Friday, June 21, 2013

Goodwill pays workers with disabilities as little as 22 cents an hour


Goodwill pays workers with disabilities as little as 22 cents an hour

Because of a legal loophole, nonprofits and other companies can pay some workers far less than minimum wage



Goodwill pays workers with disabilities as little as 22 cents an hour (Credit: AP)
In 2011, the multibillion-dollar nonprofit Goodwill Industries paid Pennsylvania workers with disabilities wages as low as 22, 38 and 41 cents an hour, according to Labor Department records obtained by NBC News.

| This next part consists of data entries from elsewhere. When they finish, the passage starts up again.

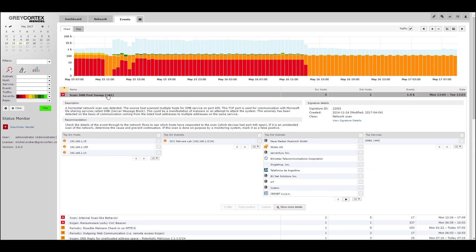In this example, we're going to show you the actual WannaCry ransomware as we tested it in our malware lab. But remember, Mendel identifies other attacks regardless of what they're called in the same way.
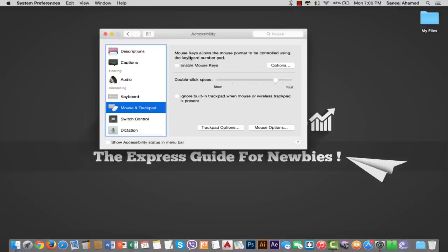Now we are using trackpad and Magic Mouse both in action, so we are going to turn off the trackpad now because we already connected our Magic Mouse. Just tick this.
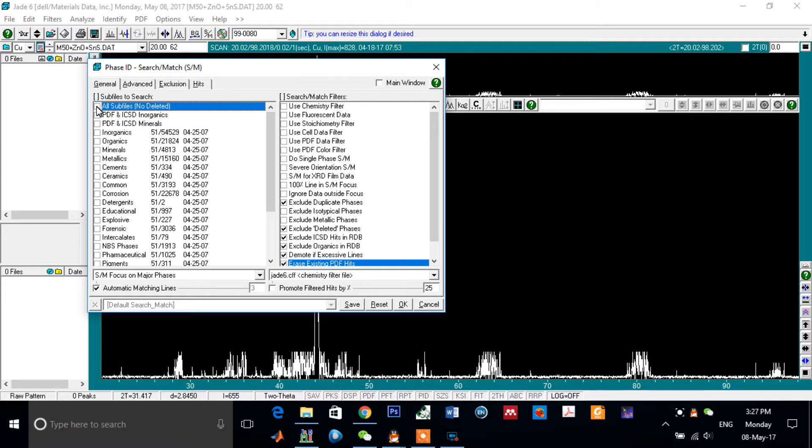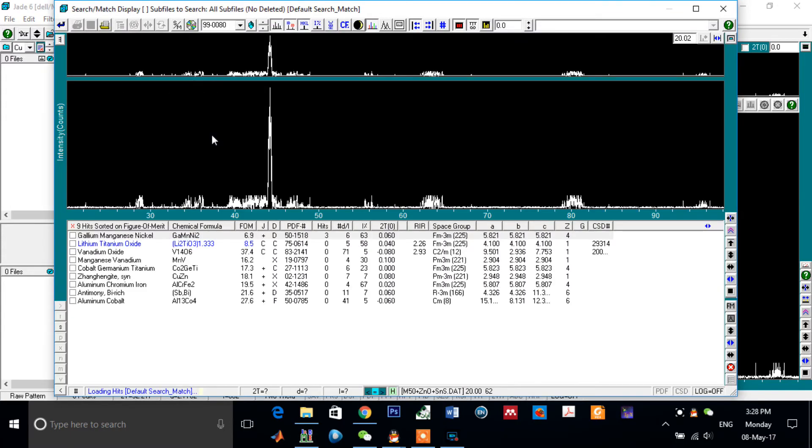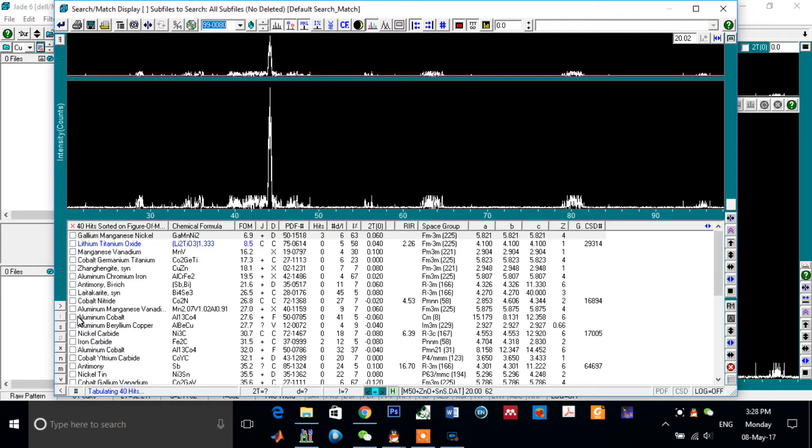From this window, if you don't know too much about your sample, no problem. Just check this box to select all subfines and click on OK.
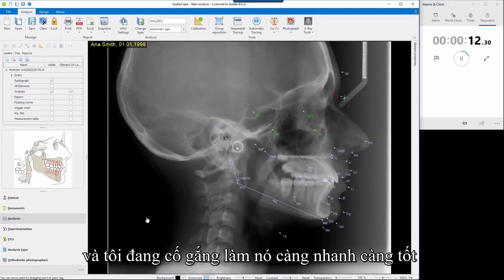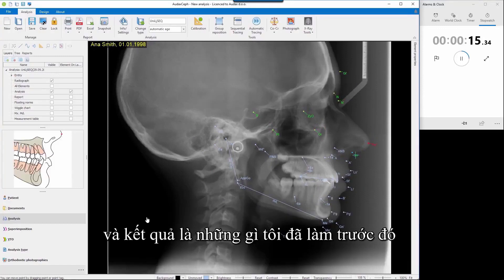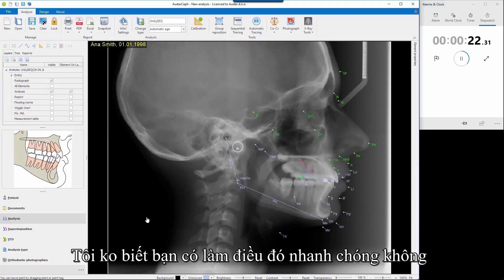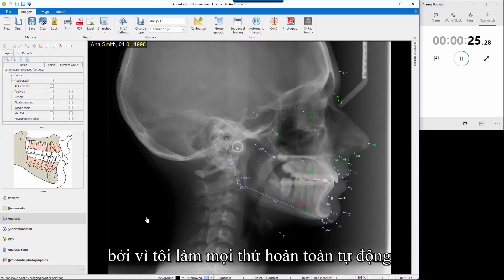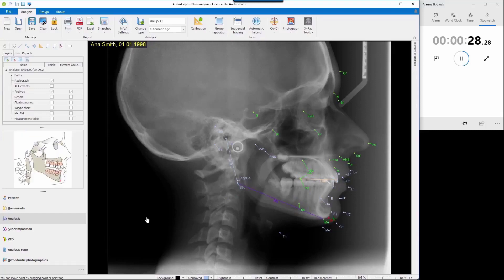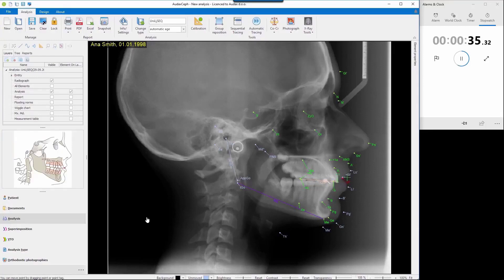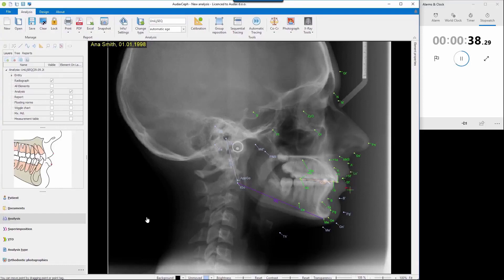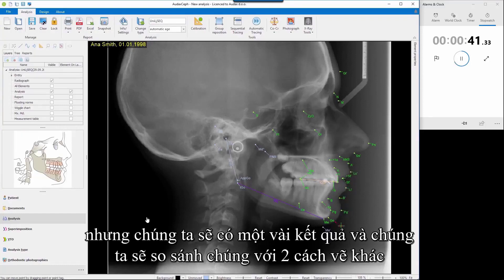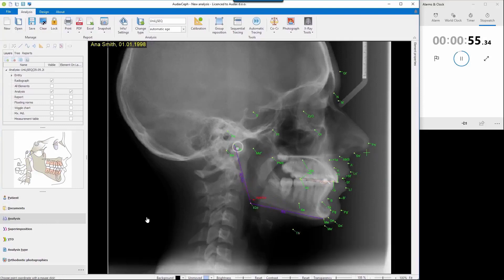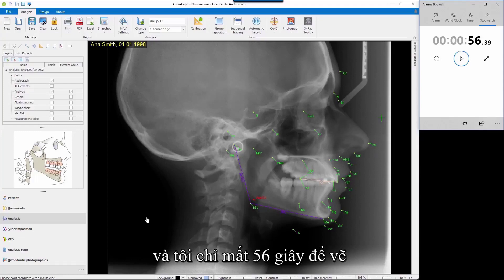I started the stopwatch at the beginning and now I'm doing the tracing. I'm going through this very quickly because I've done it several times before and I'm trying to do it as fast as possible. That result is something I've done before, which is why I'm really quick. I don't know whether you can do it as quickly, but we'll compare the results to the other two tracing methods. I have 56 seconds.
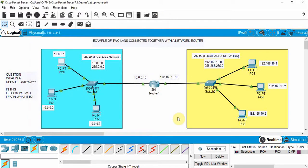That's it for this tutorial on routers. I highly suggest you open up Cisco Packet Tracer and try it yourself. I hope this was informative — thanks for watching, and we'll see you next time.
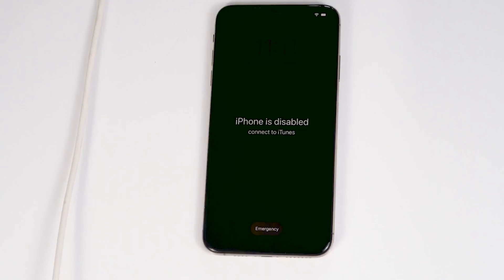Today I'm going to talk about how to factory data reset your iPhone X, XS, XS Max, and XR. No need to worry — this is the same for all X models.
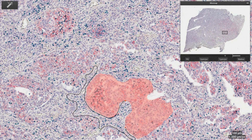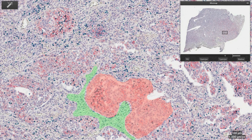Using just these regions, we will achieve an estimated accuracy for the cell classification across the entire slide of 84%.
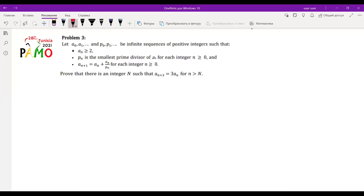Hello everyone and welcome to another problem solving session at Special Mass Academy. Today's video I'm going to cover the third problem from the Pan-African Mathematics Olympiad 2021. The problem asks us to prove some kind of special property in a sequence, so we start the question now.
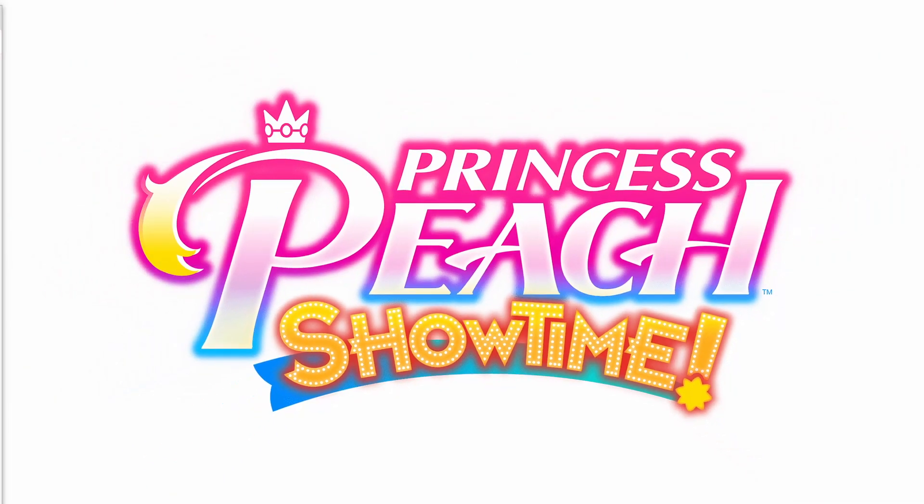By the time this video posts, I'll have started Princess Peach Showtime, and I'll have content up for that soon, so please look out for it.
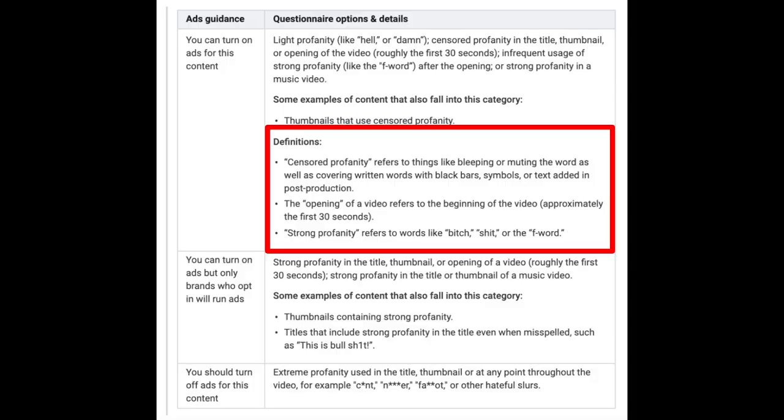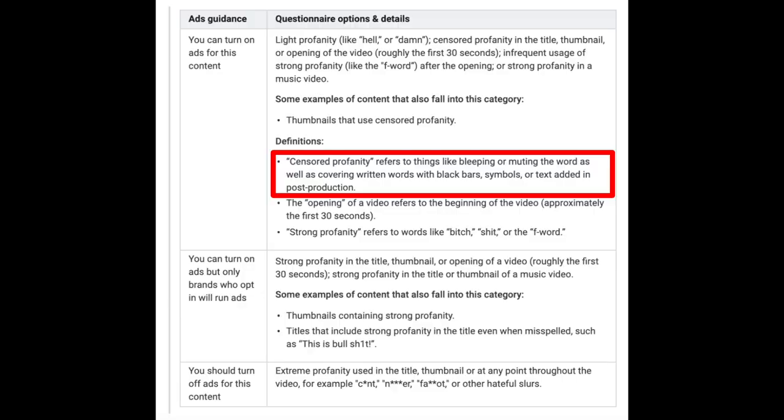There are three things that I'm going to call out to you now. The first is that you're going to see definitions. We've worked really hard to make these definitions as clear and concise as possible. Looking at the article now, you're going to see stuff like 'censored profanity.' We say here that it refers to things like bleeping or muting the word, as well as covering written words with black bars, symbols, or text added in post-production.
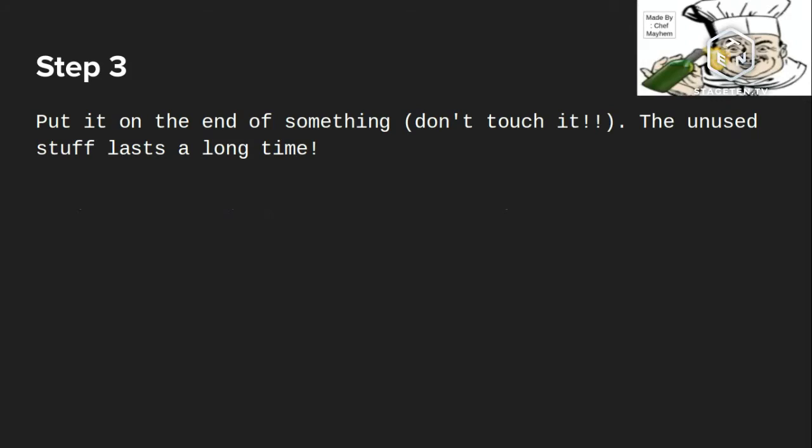I'm pretty sure the shelf life is around nine years or so. Let me look that up quickly — yeah, it's about nine to twelve years.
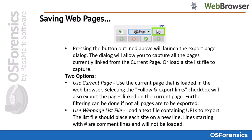You can also choose to save a web page as well. By pressing the button as outlined here, we will launch the export page dialog. The dialog will allow you to capture all the pages currently linked from the current page, or load a site list file to capture.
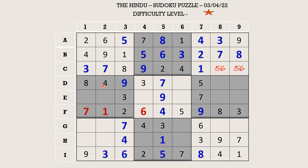Now in block 4 there are only two missing numbers: 5 and 6. There is a 6 in column 2, so 6 goes in E1 and E2 takes 5.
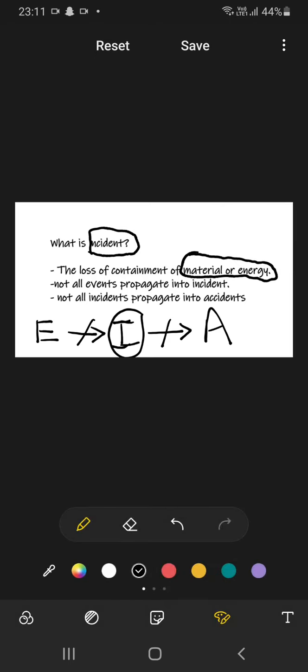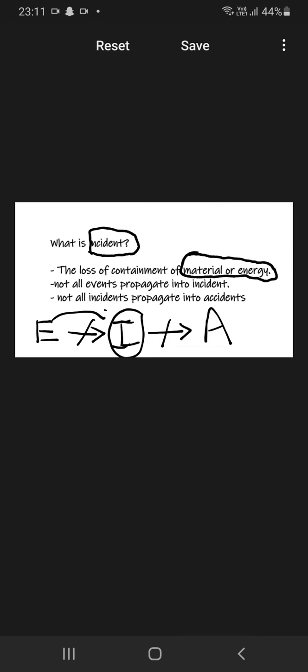It is not necessary that that loss is incident. Incident is something in which we have a loss of containment of material or energy. Here we have loss, so in this case we have event is directly converted to incident.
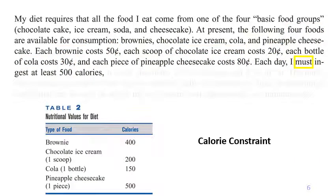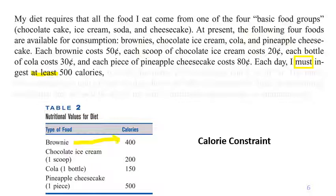Now let's talk about the constraints. As mentioned, the sentence 'I must ingest at least 500 calories' gives the clue that this is about a constraint. From the table we see the calories for each type of food — for example, eating one brownie gives you 400 calories. This constraint says that whatever you eat, you must ingest at least 500 calories. How many brownies do you eat? We defined that number as x1.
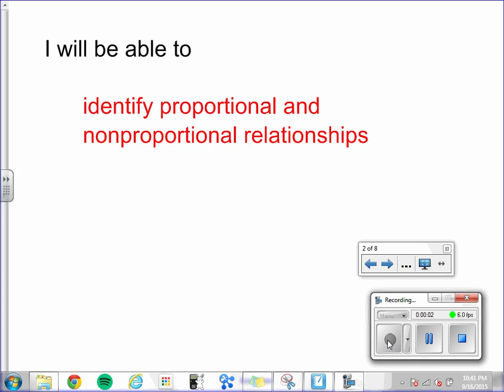Chapter 1, Lesson 4: Proportional and Non-Proportional Relationships. Today you will be able to identify proportional and non-proportional relationships.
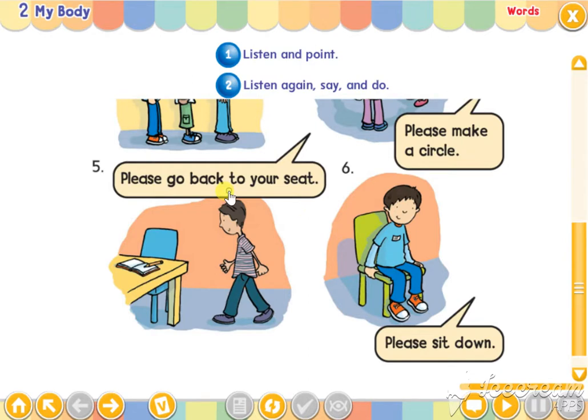Please go back to your seat. Please sit down.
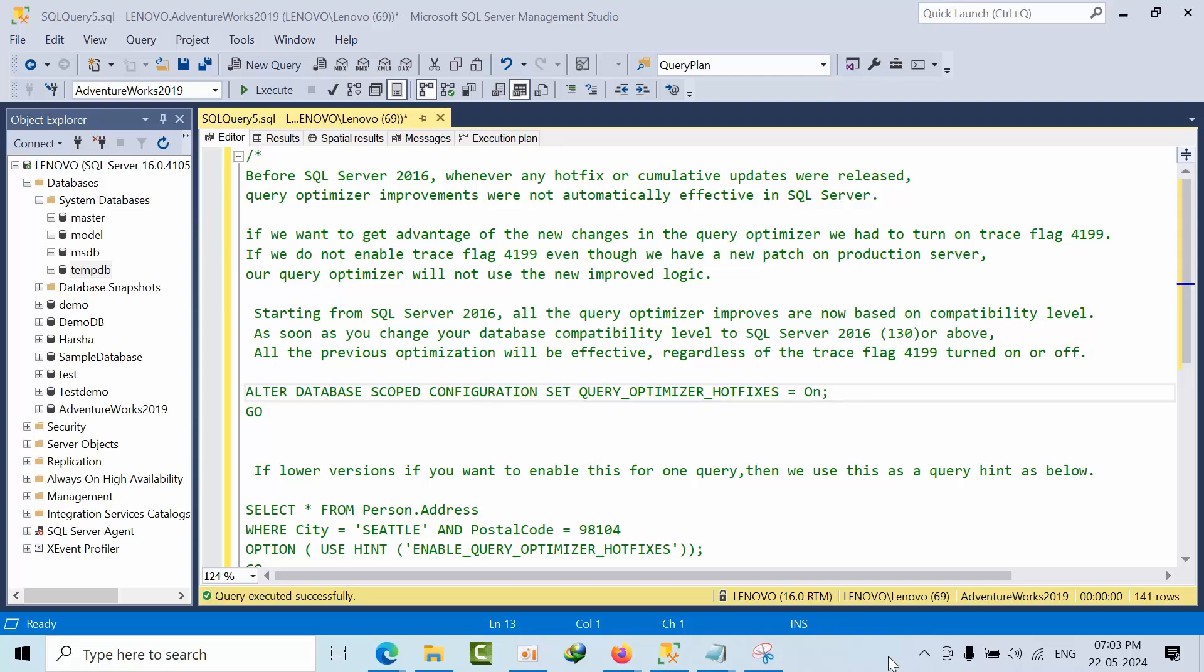Let me explain what is query optimizer fix. Before 2016, after installing a CU or any hotfixes, we had some improvements. In order to use those improvements, we needed to use 4199 trace flags for the optimizer. If we directly use that, some queries might be affected or not, we don't know how it will be. So in order to know the consequences, first we enable that in test environment. Later, based on the output received, we can implement the same in production as well.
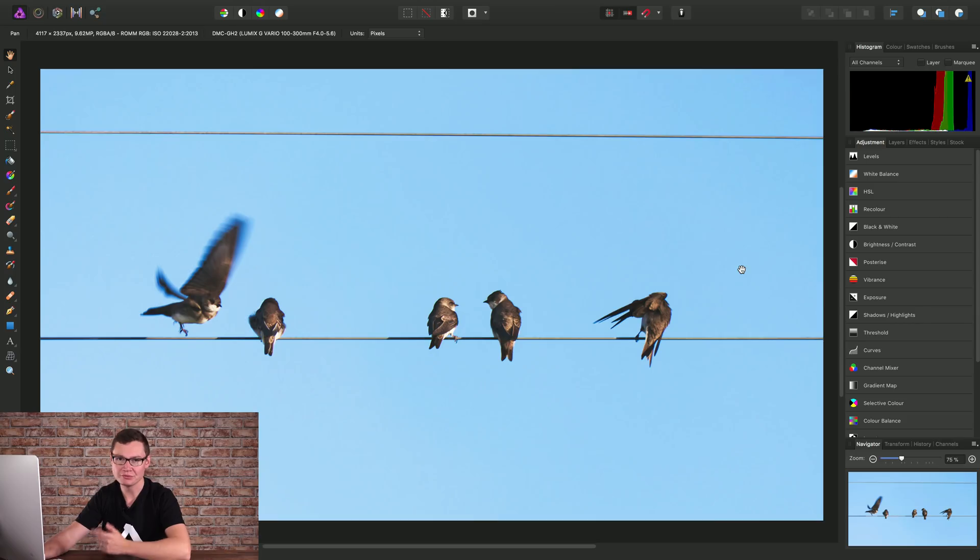Affinity Photo's in-painting brush tool allows you to intelligently replace content in your images. So here's how to use it.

In 2010, an Applebee’s in a tony New York suburb hired hearing and visually impaired employees through a placement program with the Helen Keller National Center and paid them between $3.97 per hour and $5.96, well below the state minium wage of $7.25.
And it’s perfectly legal due to a Depression-era loophole in federal labor law, as NBC reports:
Section 14 (c) of the Fair Labor Standards Act, which was passed in 1938, allows employers to obtain special minimum wage certificates from the Department of Labor. The certificates give employers the right to pay disabled workers according to their abilities, with no bottom limit to the wage…
The non-profit certificate holders can also place employees in outside, for-profit workplaces including restaurants, retail stores, hospitals and even Internal Revenue Service centers.
While employers like Goodwill defend the practice as providing jobs to people who need and want them, disability and labor rights advocates have called the loophole exploitative, saying it traps workers in a “two-tiered” system that says “Americans who have disabilities aren’t as valuable as other people,” as Marc Maurer, president of the National Federation of the Blind told NBC. “That’s wrong. These folks have value. We should recognize that value,” he added.
bill currently being considered in Congress could repeal Section 14 (c) and mandate employers fairly compensate all workers, but it has faced fierce opposition from trade associations representing employers who benefit from the loophole. “Meaningful work deserves fair pay,” bill sponsor Rep. Gregg Harper, R.-Miss., told NBC. “This dated provision unjustly prohibits workers with disabilities from reaching their full potential.”